Monthly Market Indicators
Mortgage interest rates ticked a bit higher in February, but remain below their February 2020 levels. Interest rates may rise a bit further in coming weeks, but according to Freddie Mac chief economist Sam Khater, “while there are multiple temporary factors driving up rates, the underlying economic fundamentals point to rates remaining in the low 3 percent range for the year.” With rates still at historically low levels, home sales are unlikely to be significantly impacted, though higher rates do impact affordability.
New Listings in the Harrisburg region decreased 43.3 percent to 17. Closed Sales were up 75 percent to 7. Inventory levels fell 67.1 percent to 24 units.
Prices continued to gain traction. The Median Sales Price increased 7.0 percent to $275,000. Days on Market was down 7.9 percent to 86 days. Sellers were encouraged as Months Supply of Homes for Sale was down 79.1 percent to 1.1 months.

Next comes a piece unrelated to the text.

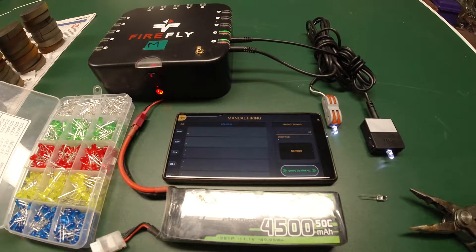This is a video about how to use LEDs to test your cues on the Firefly. You can use white LEDs, blue LEDs, or green LEDs. They are the correct voltage to work with what the Firefly puts out.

For homeowners currently struggling due to COVID-19, government agencies are continuing efforts to help those in need. The Federal Housing Finance Agency announced they will allow homeowners with loans backed by Fannie Mae and Freddie Mac to receive an additional three months of forbearance, extending total payment relief to up to 18 months. Qualified homeowners must already be in a forbearance plan as of the end of February.
Housing Supply Overview
Buyer demand continued to be robust in February, leading to many multiple offer situations as housing supply continues to remain severely constrained in most segments. This imbalance of prospective buyers to available homes for sale will continue to support multiple offers and, with it, higher home sales prices, as we go into the typically busy spring market. For the 12-month period spanning March 2020 through February 2021, Closed Sales in the Harrisburg region were up 23 percent overall.
The overall Median Sales Price was up 8.3 percent to $242,500.
Market-wide, inventory levels were down 67.1 percent. The construction type that lost the least inventory was the Previously Owned segment, where it decreased 48.5 percent. That amounts to 1.5 months supply for Single-Family homes and 2.1 months supply for Condos.